TASK BRIEF -> The answer must consist of every line in the records below that contains the string "Black".

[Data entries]
::::::::

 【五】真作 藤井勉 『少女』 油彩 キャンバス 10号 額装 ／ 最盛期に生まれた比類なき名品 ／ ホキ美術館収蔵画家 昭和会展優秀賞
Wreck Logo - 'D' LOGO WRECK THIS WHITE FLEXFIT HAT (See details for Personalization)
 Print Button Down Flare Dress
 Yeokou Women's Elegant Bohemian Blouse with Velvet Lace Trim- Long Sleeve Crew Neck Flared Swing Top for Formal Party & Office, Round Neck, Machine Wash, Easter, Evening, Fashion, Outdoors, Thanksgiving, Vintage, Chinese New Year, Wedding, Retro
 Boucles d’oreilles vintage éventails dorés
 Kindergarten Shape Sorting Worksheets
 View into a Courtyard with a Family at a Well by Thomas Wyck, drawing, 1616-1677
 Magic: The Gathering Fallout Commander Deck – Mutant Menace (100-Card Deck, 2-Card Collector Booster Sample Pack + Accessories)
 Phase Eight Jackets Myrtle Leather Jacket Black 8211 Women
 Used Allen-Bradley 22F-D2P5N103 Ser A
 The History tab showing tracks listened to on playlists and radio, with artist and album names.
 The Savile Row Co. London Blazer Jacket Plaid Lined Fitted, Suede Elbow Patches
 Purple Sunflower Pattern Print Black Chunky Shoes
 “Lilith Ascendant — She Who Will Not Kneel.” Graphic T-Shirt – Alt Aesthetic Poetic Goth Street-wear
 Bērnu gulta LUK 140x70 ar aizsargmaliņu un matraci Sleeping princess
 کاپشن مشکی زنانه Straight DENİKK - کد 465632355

::::::::

REPLY TO THE TASK ->
 Phase Eight Jackets Myrtle Leather Jacket Black 8211 Women
 Purple Sunflower Pattern Print Black Chunky Shoes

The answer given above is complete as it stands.